The records sit below. Return every line in them that holds the word "Soft".

> [Dataset extract]
* * * * * * *

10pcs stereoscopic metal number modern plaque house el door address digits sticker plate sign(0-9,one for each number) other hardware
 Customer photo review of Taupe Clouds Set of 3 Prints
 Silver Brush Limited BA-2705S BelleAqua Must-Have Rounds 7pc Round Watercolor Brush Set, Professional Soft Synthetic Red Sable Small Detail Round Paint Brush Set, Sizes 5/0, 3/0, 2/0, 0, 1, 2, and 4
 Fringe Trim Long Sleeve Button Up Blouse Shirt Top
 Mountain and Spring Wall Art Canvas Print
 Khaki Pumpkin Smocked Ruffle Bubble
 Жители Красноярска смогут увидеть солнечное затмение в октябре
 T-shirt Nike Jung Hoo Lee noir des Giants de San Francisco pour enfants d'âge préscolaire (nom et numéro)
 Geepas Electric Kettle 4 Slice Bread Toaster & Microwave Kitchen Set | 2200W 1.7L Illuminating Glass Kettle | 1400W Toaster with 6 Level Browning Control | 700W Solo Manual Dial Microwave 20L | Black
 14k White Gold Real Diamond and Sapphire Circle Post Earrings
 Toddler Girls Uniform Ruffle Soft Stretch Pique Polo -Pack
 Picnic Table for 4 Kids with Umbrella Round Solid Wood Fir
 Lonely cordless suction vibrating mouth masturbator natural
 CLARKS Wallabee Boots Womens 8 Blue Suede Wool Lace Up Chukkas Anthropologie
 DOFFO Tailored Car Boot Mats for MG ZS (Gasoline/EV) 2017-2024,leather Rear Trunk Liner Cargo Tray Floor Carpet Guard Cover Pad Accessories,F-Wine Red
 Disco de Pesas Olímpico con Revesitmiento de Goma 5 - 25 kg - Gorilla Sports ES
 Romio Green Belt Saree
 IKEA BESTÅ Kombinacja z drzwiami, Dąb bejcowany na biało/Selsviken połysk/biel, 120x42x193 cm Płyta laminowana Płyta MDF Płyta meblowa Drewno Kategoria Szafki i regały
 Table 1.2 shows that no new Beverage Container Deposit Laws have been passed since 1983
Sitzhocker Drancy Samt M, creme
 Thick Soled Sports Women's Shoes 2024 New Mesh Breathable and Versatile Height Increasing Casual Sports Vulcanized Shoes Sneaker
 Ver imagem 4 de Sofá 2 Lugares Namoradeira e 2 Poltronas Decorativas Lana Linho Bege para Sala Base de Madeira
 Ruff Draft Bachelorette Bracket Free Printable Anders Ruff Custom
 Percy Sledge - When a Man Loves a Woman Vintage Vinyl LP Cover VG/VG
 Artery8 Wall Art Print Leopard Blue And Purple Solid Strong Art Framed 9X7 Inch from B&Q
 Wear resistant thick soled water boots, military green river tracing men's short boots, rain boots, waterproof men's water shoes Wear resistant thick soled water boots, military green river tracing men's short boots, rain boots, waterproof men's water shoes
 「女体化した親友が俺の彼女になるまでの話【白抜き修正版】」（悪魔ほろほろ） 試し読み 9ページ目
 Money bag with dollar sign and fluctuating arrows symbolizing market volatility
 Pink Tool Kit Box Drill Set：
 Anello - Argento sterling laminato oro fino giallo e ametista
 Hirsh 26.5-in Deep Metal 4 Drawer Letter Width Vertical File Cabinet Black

* * * * * * *

> [Response]
 Silver Brush Limited BA-2705S BelleAqua Must-Have Rounds 7pc Round Watercolor Brush Set, Professional Soft Synthetic Red Sable Small Detail Round Paint Brush Set, Sizes 5/0, 3/0, 2/0, 0, 1, 2, and 4
 Toddler Girls Uniform Ruffle Soft Stretch Pique Polo -Pack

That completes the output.